Climate Activists Hold Major Rally, Demand Obama Reject Keystone Pipeline
Organizers of Sunday's "Forward on Climate" rally and march claim the estimated 35,000 activists who descended on Washington, D.C., to demand the Obama administration take action on the critical issue of global warming constitute the largest turnout ever for a climate rally.
Organizers of Sunday’s “Forward on Climate” rally and march claim the estimated 35,000 activists who descended on Washington, D.C., to demand the Obama administration take action on the critical issue of global warming constitute the largest turnout ever for a climate rally.
Carrying signs and chanting slogans such as “Hey, Obama–we don’t want no climate drama” and “Keystone pipeline? Shut it down,” demonstrators staged a rally at the National Mall before marching to the White House and calling on the president to block the construction of TransCanada’s controversial Keystone XL Pipeline.
Speakers at the event portrayed the battle of the pipeline project as a struggle between grass-roots environmental organizations and wealthy special interest groups.
“They’ve got the lobbyists. They’ve got the super PACs. They made the campaign contributions. They’ve got this town in their pockets — they have got the situation under control,” Sen. Sheldon Whitehouse, D-R.I., told the crowd. “And then you show up. And then we show up. And we change the game.”

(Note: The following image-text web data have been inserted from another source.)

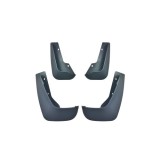 Aparatori noroi compatibile Nissan Juke 2014-2019 Cod: MUD1153 CH-1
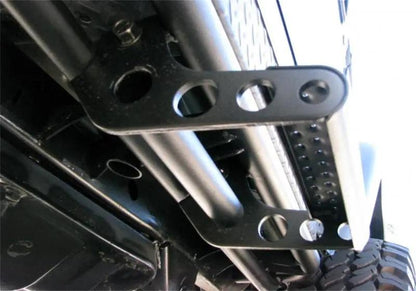N-Fab NFB RKR Step System by N-Fab
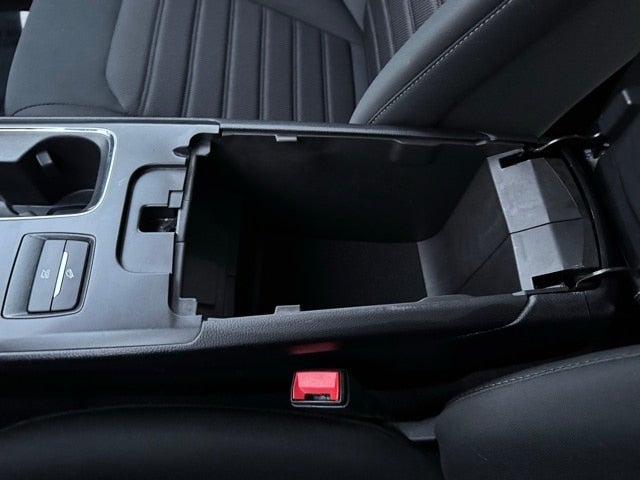 2020 Ford Fusion Hybrid SE w/ Navigation + Remote Start via Ford App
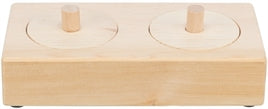 Trixie box voor Vogels, Ratten en Konijnen 14x3x7cm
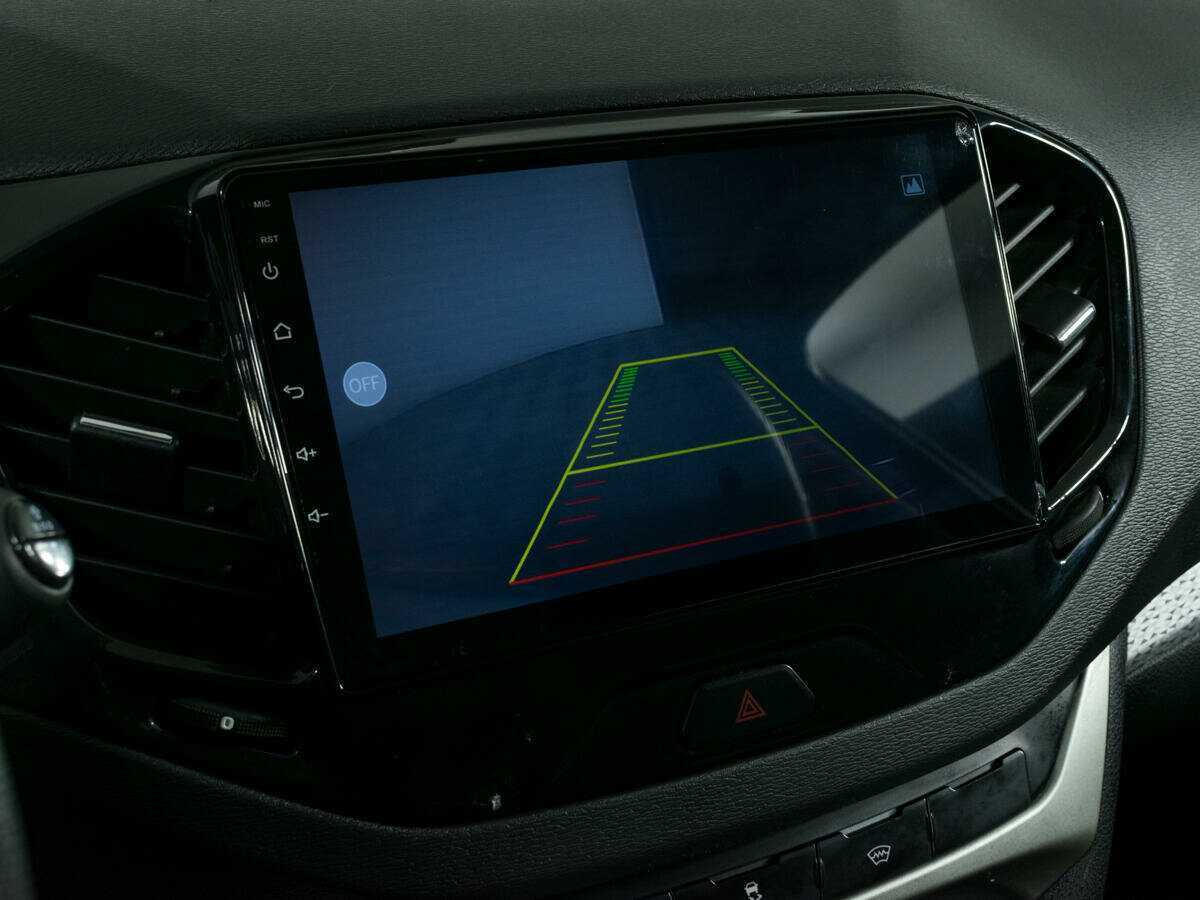 Купить Lada (ВАЗ) Vesta, 2020, 131 780 км.. Фото: #12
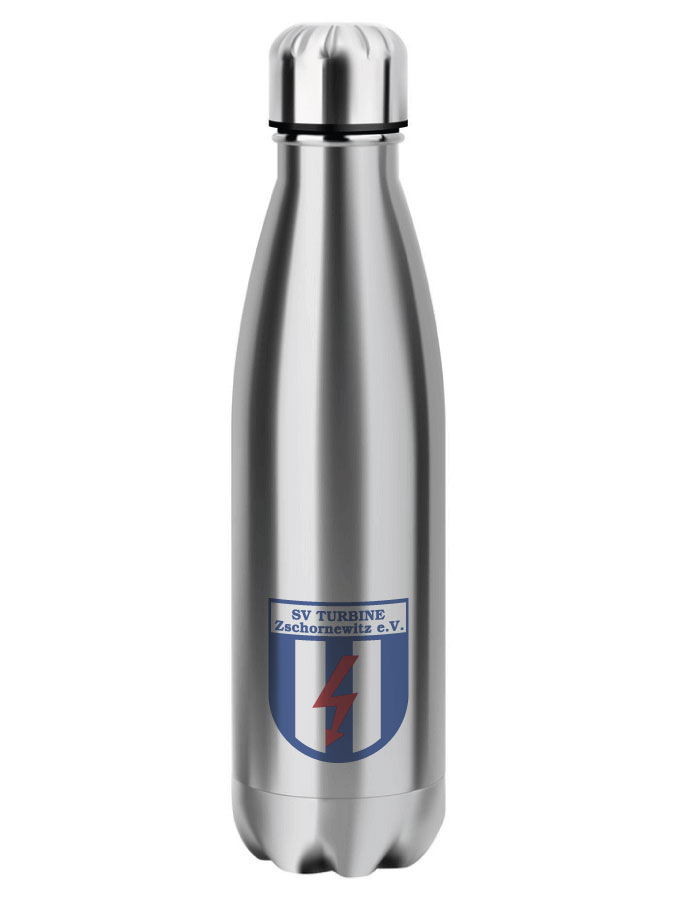 Edelstahl-Thermosflasche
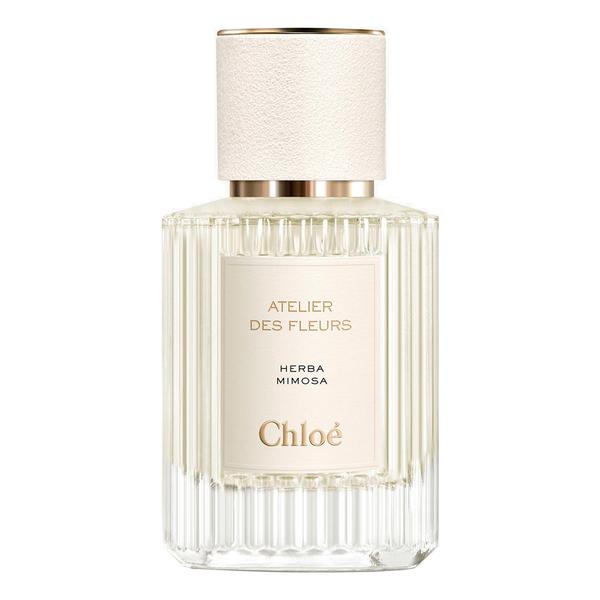 Chloe Atelier des Fleurs HERBA MIMOSA туалетные духи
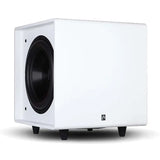 Bravus II 12D 650W 12" Powered Subwoofer from Aperion Audio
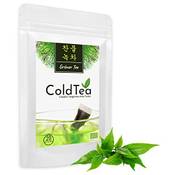 Feldanker Cold-Tea Grüner Tee Vergleich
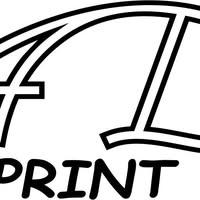 Ad Print Vinkovci Logo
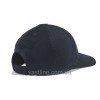 Бейсболка тактична чорна (Tactical Cap Black)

The rally came just days after a bipartisan group of senators called on the president to approve the $5.3 billion pipeline.
“His heart is there,” former Obama adviser Van Jones told The Hill about the president. “The question is can we change the politics enough so he can do what he knows is right. And I believe that he will.”
The Hill:
The politics surrounding the project are formidable.
Blocking Keystone would play into Republican assertions that the president is scuttling a project that could enhance energy security and create thousands of jobs to appease environmental supporters. They have pressed the White House to green-light the pipeline.
Oil-and-gas groups, such as the American Petroleum Institute, have helped lead a lobbying effort to get Keystone built.
…Obama also has his own base to consider, as several union groups are eager for the jobs Keystone would bring to their members. The AFL-CIO’s building and construction trades division has endorsed the pipeline, and that department’s leader expects the full labor federation to lend its support.
— Posted by Tracy Bloom.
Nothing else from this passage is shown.